### Home Work - 7
Balaji Avvaru

In [1]:
#import required libraries
import requests
from bs4 import BeautifulSoup
import nltk
from nltk.tokenize import word_tokenize 
import numpy as np
import re
import pandas as pd
import itertools
from sklearn.feature_extraction.text import TfidfVectorizer
from sklearn.cluster import KMeans
from sklearn.metrics import adjusted_rand_score

#### Cluster the reviews that you collected in homework 5, by doing the following:  


1.	In Python, select any one of the clustering methods covered in this course. Run it over the collection of reviews, and show at least two different ways of clustering the reviews, e.g., changing k in k-Means clustering or changing where you “cut” in Agnes or Diana.  
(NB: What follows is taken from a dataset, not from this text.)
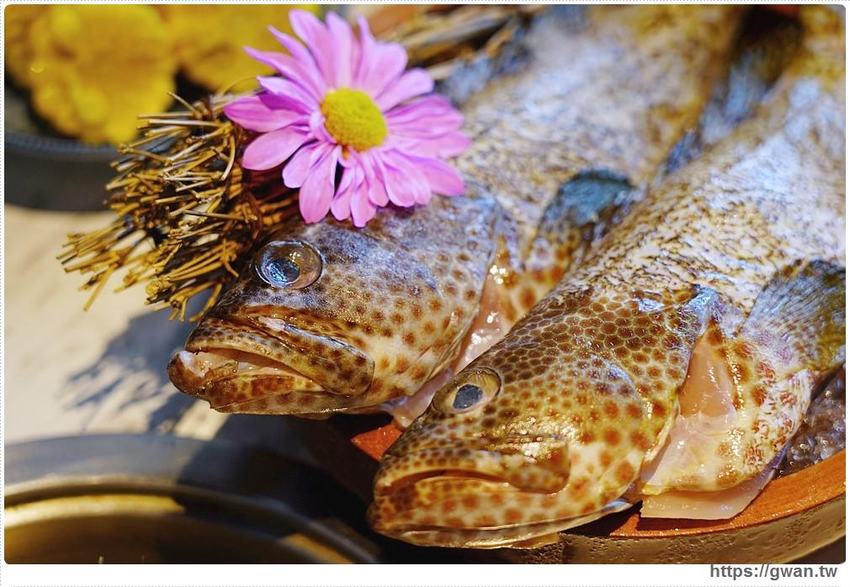 台中新開火鍋店，霸氣100隻蝦蝦端上桌，身份證有1、3、9再贈送花瓣松阪豬！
2.	Try to write a short phrase to characterize (give a natural interpretation of) what each cluster is generally centered on semantically. Is this hard to do in some cases? If so, make note of that fact. 

3.	Explain which of the two clustering results from question 1 is preferable (if one of them is), and why. 

Submit all of your inputs and outputs and your code for this assignment, along with a brief written explanation of your findings. 


In [2]:
#IMDB website URL
base_url = "https://www.imdb.com"

# API call to select:100 feature films which are atleast rated 4 with 50,000 votes in thriller genre sorted by rating
url = '''https://www.imdb.com/search/title/?title_type=feature&user_rating=4.0,10.0
&num_votes=50000,&genres=thriller&view=simple&sort=user_rating,desc&count=100'''

# Convert IMDB url to a BeautifulSoup object
response = requests.get(url)
movies_soup = BeautifulSoup(response.text, 'html.parser')

# get movie tags 
movie_tags = movies_soup.find_all('a', attrs={'class': None})

# filter the anchor-tags to get the titles of feature films
movie_tags = [tag.attrs['href'] for tag in movie_tags 
                  if tag.attrs['href'].startswith('/title') & tag.attrs['href'].endswith('/')]

# remove duplicate links
movie_tags = list(dict.fromkeys(movie_tags))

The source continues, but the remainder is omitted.